Silicon Valley venture capitalist wins bitcoin auction


Venture capitalist and entrepreneur Tim Draper is rolling in bitcoins after winning a US government auction Monday.

He bought 29,656 bitcoins–a new form of digital currency–from a trove that the government seized in a raid of the illegal online drug market Silk Road last year.

Draper, co-founder of Silicon Valley investment firm Draper Fisher Jurvetson, beat out 44 other participants during the 12-hour auction Monday and identified himself as the winner Wednesday. Though the price he paid wasn’t released, the
stash is worth about $19 million at current market prices.

Draper says he’ll use the digital currency in a new business to bring bitcoins to the developing world.

Bitcoins are among the oddest but potentially most profound phenomena to hit world currency markets in modern times.

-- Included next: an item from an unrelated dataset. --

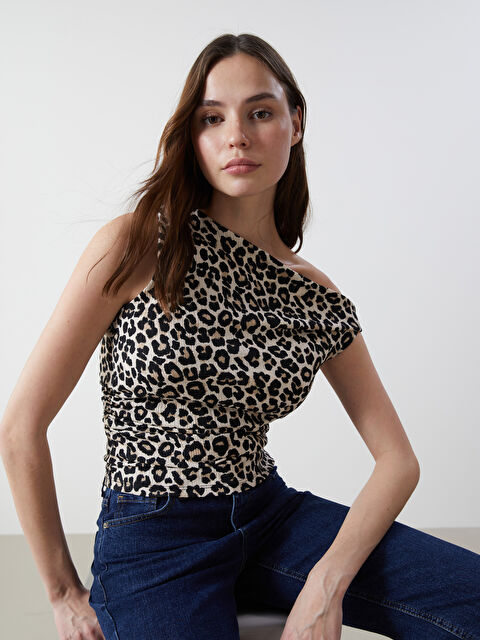 LCW Vision Kayık Yaka Leopar Desenli Kadın Bluz - S5EM51Z8-SWC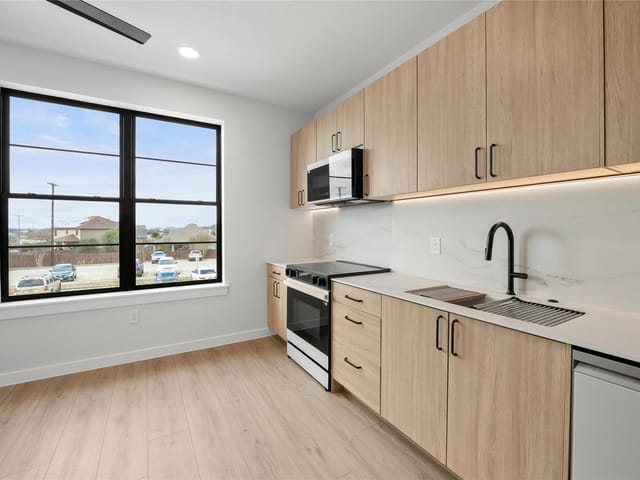 634 Central Pkwy Unit #1212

They’re not physical coins but pieces of software code traded over the Internet. Their origins are mysterious: Legend has it they were created in 2009 by someone with the alias Satoshi Nakamoto.

Since then, bitcoin markets have developed and some online retailers–including Tiger Direct, New Egg and Overstock–are accepting bitcoins for payment. Bitcoin ATMs are popping up. California recently changed state law to allow use of bitcoins and similar alternative currencies.

Federal regulators are studying the currency closely. The IRS recently ruled bitcoin is a property, legitimizing its use. Bitcoin holders lost millions in the collapse of Tokyo bitcoin exchange Mt. Gox this year.

Still, demand for bitcoins continues to grow. Bitcoin prices dived during the Mt. Gox contretemps, but have headed upward since.

The price of bitcoins has grown nearly $100 since last week to about $650 as of Wednesday as established investors like Draper entered the auction, Wedbush Securities analyst Gil Luria said. The value of bitcoins will continue to fluctuate, but as liquidity grows the price swings will lessen, he predicted.

“It’s very hard to pin down what the exact value of bitcoins is,” Luria said. “But the more liquid the markets are, the less volatility there will be on a day-to-day basis.”